Comme effet du génocide, le XXè siècle restera pour ce peuple et ses institutions civiles, culturelles et religieuses celui de la grande tragédie. L’étendue des ruines et le champ des blessures sont énormes. Le drame de 1915 a profondément bouleversé leur vie et déstructuré leur société. Les hiérarchies sociales et religieuses ont été ruinées et complètement désintégrées.
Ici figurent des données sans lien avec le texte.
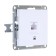 Computer socket "W59" Sche RSI-152K5E-1-86, RJ45, 1 A, 160 V, odorous, white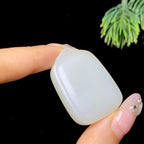 和田玉糖白无事牌（19.2g）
Ce fut le début d’une diaspora massive.
Connu sous des vocables différents : Assyriens, Chaldéens, Syriaques, Nestoriens, Jacobites, Araméens, les Assyro-Chaldéens, appelés Aïssors ou Assoris par les Arméniens, Suriyani par les Turcs, se considèrent en filiation avec les peuples assyrien, babylonien, chaldéen et araméen de l’antique Mésopotamie, pays situé entre les deux fleuves le Tigre et l’Euphrate, dont l’histoire remonte à plus de 5000 ans.
Ces massacres ont eu lieu sur un périmètre très large, en Anatolie orientale, au Hakkari, au nord de l’Iran et dans la province de Mossoul, voire ailleurs, à partir de janvier 1915, dans les mêmes conditions et presque sur les mêmes lieux que les Arméniens et dans un dessein analogue, qui visait selon des objectifs arrêtés : à homogénéiser l’Empire et turquifier le pays, à l’éradication de tout groupe ethniquement non turc et religieusement non musulman.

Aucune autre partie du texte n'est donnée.